**REQUIRED ACTION**: Each line from the one containing "Bella 5QT Manual" to the end of the records below should be restated word for word; please leave out all other lines.

**INPUT DATA**:

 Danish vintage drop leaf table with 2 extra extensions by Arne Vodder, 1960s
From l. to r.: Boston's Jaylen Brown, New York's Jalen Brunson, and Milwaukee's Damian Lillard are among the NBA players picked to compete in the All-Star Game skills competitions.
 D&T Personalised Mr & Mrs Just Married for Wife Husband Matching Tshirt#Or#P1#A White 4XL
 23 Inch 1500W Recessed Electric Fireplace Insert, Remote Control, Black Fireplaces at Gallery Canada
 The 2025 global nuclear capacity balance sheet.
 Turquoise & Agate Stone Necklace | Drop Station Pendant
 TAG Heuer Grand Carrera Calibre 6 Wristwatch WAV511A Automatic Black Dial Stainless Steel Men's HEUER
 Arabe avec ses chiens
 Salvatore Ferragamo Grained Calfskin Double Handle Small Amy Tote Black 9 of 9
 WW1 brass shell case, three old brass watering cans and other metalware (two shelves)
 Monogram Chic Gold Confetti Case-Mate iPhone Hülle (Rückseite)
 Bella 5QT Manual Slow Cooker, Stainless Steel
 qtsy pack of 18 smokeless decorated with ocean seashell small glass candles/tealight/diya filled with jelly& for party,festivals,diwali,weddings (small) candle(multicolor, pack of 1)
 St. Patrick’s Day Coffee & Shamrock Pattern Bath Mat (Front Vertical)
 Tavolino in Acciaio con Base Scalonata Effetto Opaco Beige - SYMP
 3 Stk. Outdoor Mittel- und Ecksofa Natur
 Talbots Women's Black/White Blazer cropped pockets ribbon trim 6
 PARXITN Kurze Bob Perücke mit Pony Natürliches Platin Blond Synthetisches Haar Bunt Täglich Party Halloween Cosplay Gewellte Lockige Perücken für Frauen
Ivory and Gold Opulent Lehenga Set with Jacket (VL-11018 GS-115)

**ANSWER TO THE EXERCISE**:
 Bella 5QT Manual Slow Cooker, Stainless Steel
 qtsy pack of 18 smokeless decorated with ocean seashell small glass candles/tealight/diya filled with jelly& for party,festivals,diwali,weddings (small) candle(multicolor, pack of 1)
 St. Patrick’s Day Coffee & Shamrock Pattern Bath Mat (Front Vertical)
 Tavolino in Acciaio con Base Scalonata Effetto Opaco Beige - SYMP
 3 Stk. Outdoor Mittel- und Ecksofa Natur
 Talbots Women's Black/White Blazer cropped pockets ribbon trim 6
 PARXITN Kurze Bob Perücke mit Pony Natürliches Platin Blond Synthetisches Haar Bunt Täglich Party Halloween Cosplay Gewellte Lockige Perücken für Frauen
Ivory and Gold Opulent Lehenga Set with Jacket (VL-11018 GS-115)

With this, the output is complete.